> SOURCE DATA:
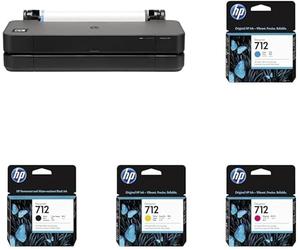 HP Stampante DesignJet T230 + 4 Cartucce 712 Nero, Ciano, Giallo e Magenta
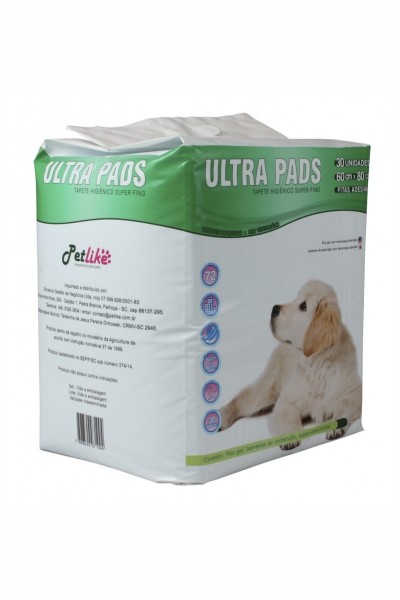 TAPETE ULTRA PADS NATURAL 60x80cm C/ 30un. (PETLIKE)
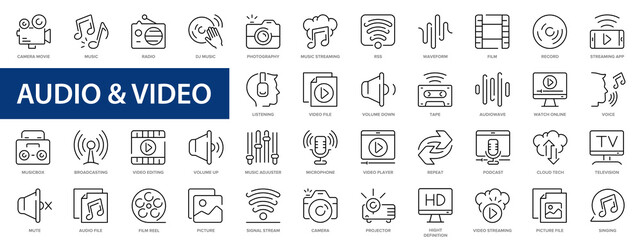 Audio and video line icons set. Music, voice, radio, movie, streaming, photography icons and more signs. Thin line icon collection.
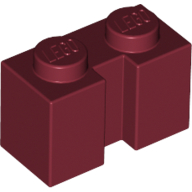 Lego Brick Special 1 x 2 with Groove / Dark Red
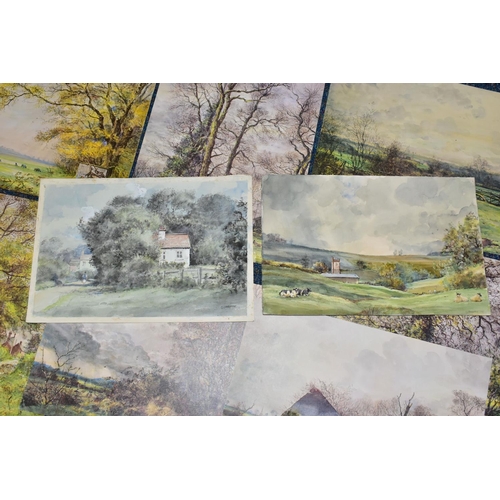 547 - THREE CECIL C. J. THORNTON WATERCOLOUR LANDSCAPES, comprising a pastoral landscape with cattle, shee... 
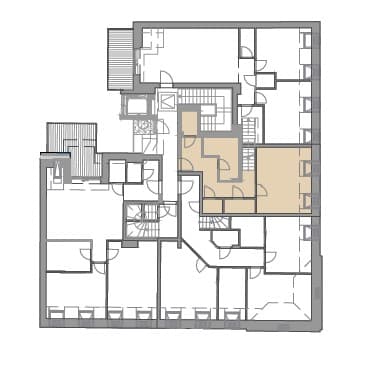 Grundriss Top 18 — Sternwartestraße 3 — 3 Zimmer — 121 m² — Attic floor — Terrasse 6,64 m² — Grundriss 3/4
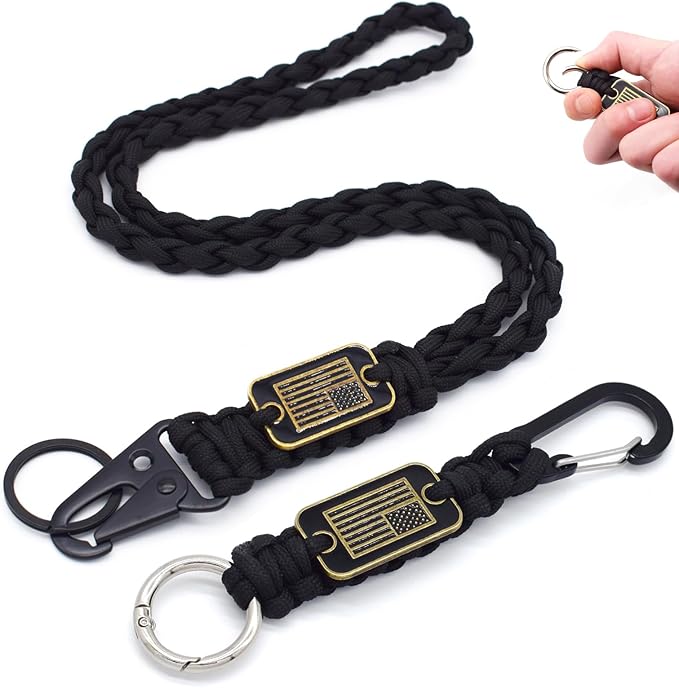Heavy Duty Braided Paracord Lanyard Keychain with USA Flag, Parachute Rope Necklace Keychains, Braided Strong Lanyard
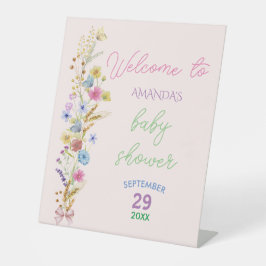 Expositor En L Signo de bienvenida de Baby Shower rosa floral de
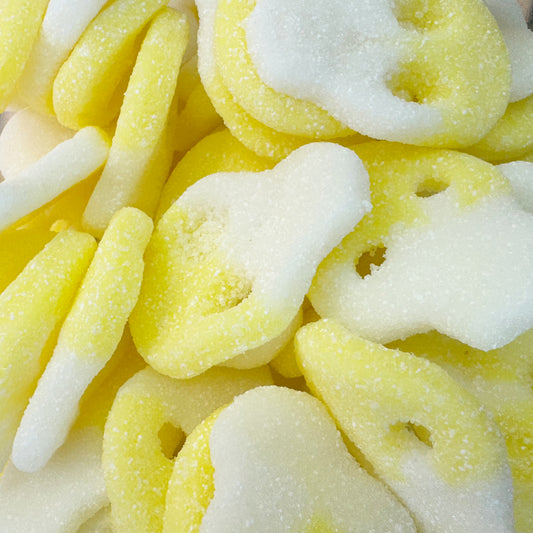 Vegan Fizzy White Yellow Skulls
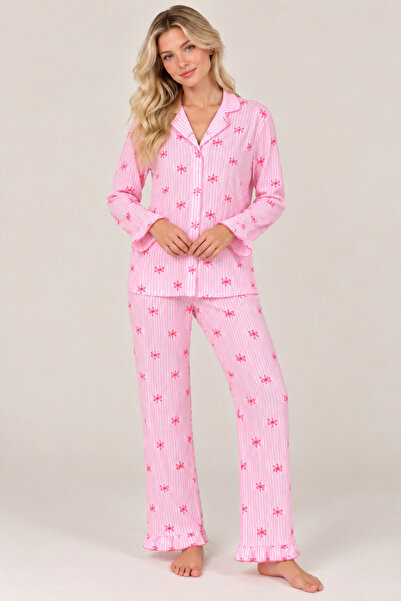 Genel Markalar Fiyonk Desenli Pembe Pijama Takımı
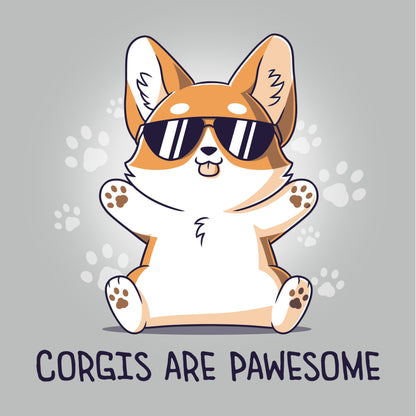 A Corgis are Pawesome corgi t-shirt featuring a corgi wearing sunglasses with the words "corgis are awesome" by TeeTurtle.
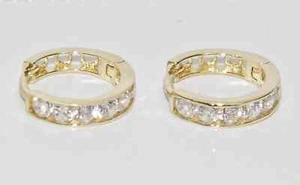 2Ct Round Cut Simulated Diamond Huggie Hoop Earrings 14K Yellow Gold Plated - Picture 1 of 10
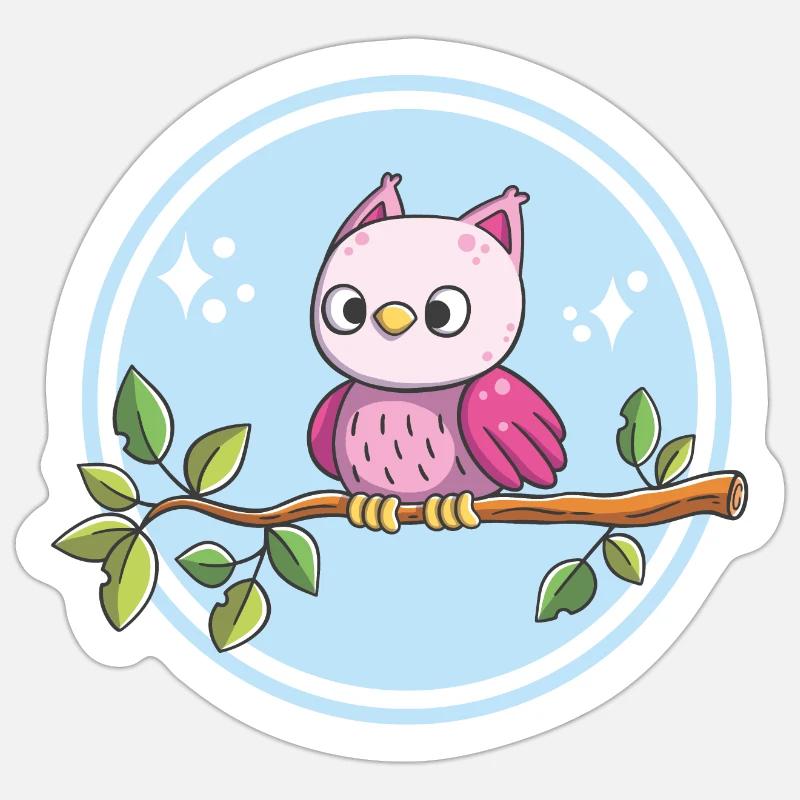 Niedliche Eule auf einem Ast - Sticker Größe S (10 x 10 cm) - Mattweiß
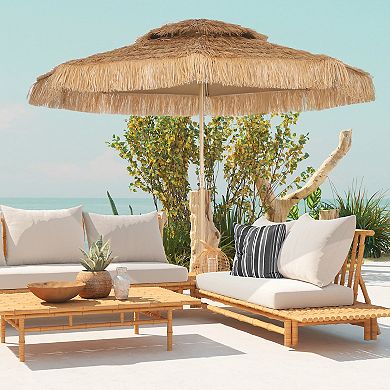 Outsunny 10FT Thatched Tiki Patio Umbrella, UPF30+ Outdoor Umbrella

> AIM OF THE TASK:
The answer must be an exact copy of the lines from the one that holds "Grundriss Top 18" through the end of the data, both included, with no pictures.

> TASK SOLUTION:
 Grundriss Top 18 — Sternwartestraße 3 — 3 Zimmer — 121 m² — Attic floor — Terrasse 6,64 m² — Grundriss 3/4
Heavy Duty Braided Paracord Lanyard Keychain with USA Flag, Parachute Rope Necklace Keychains, Braided Strong Lanyard
 Expositor En L Signo de bienvenida de Baby Shower rosa floral de
 Vegan Fizzy White Yellow Skulls
 Genel Markalar Fiyonk Desenli Pembe Pijama Takımı
 A Corgis are Pawesome corgi t-shirt featuring a corgi wearing sunglasses with the words "corgis are awesome" by TeeTurtle.
 2Ct Round Cut Simulated Diamond Huggie Hoop Earrings 14K Yellow Gold Plated - Picture 1 of 10
 Niedliche Eule auf einem Ast - Sticker Größe S (10 x 10 cm) - Mattweiß
 Outsunny 10FT Thatched Tiki Patio Umbrella, UPF30+ Outdoor Umbrella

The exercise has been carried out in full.